Exercise input ::
┄┄┄┄┄┄┄┄┄┄

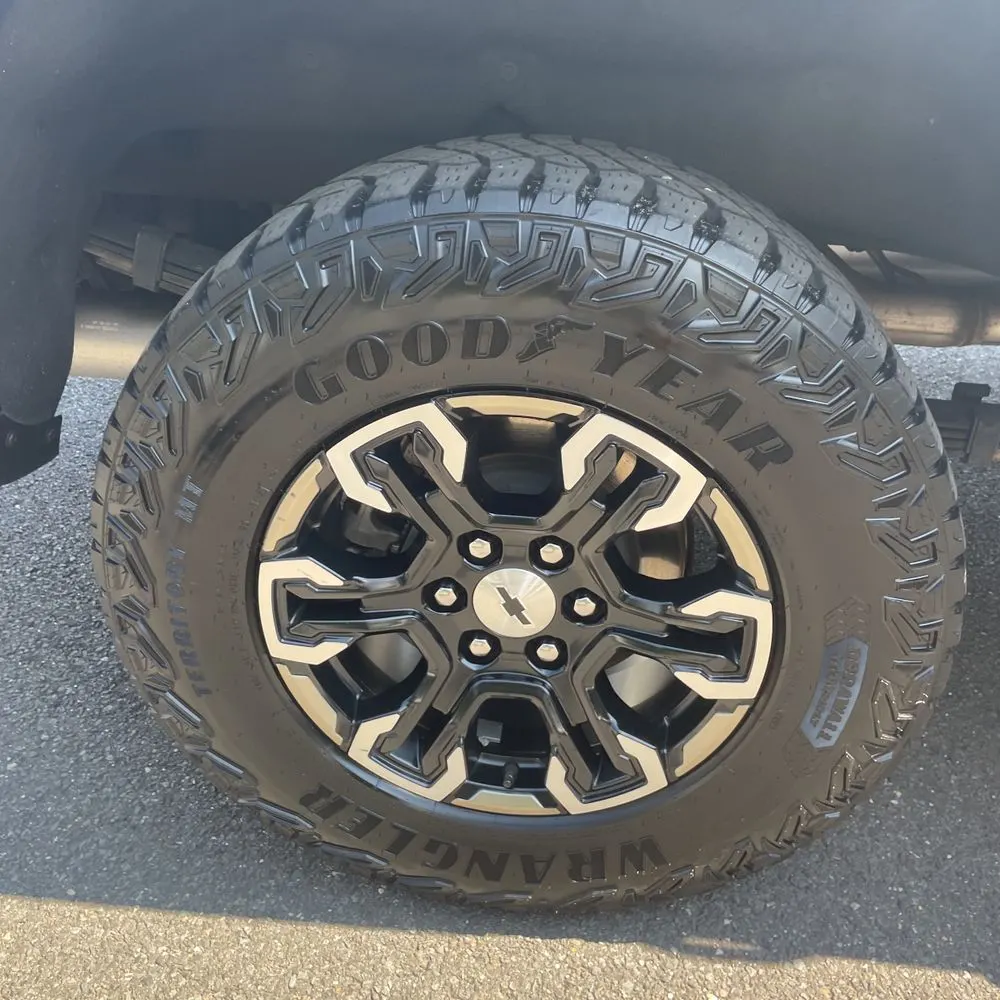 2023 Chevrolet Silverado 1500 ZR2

┄┄┄┄┄┄┄┄┄┄

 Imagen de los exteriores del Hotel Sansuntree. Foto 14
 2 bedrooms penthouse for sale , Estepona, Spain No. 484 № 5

┄┄┄┄┄┄┄┄┄┄

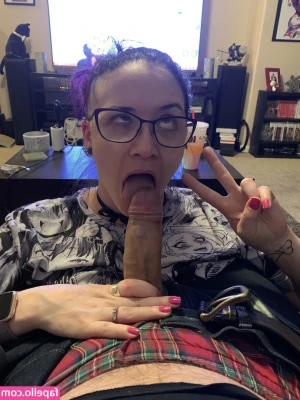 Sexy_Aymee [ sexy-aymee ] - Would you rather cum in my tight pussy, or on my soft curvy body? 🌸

┄┄┄┄┄┄┄┄┄┄

The problem :: The line above containing "Imagen de los", the line containing "2 bedrooms penthouse", and every line between them are to be transcribed exactly; no other line is wanted.

Result below ::
 Imagen de los exteriores del Hotel Sansuntree. Foto 14
 2 bedrooms penthouse for sale , Estepona, Spain No. 484 № 5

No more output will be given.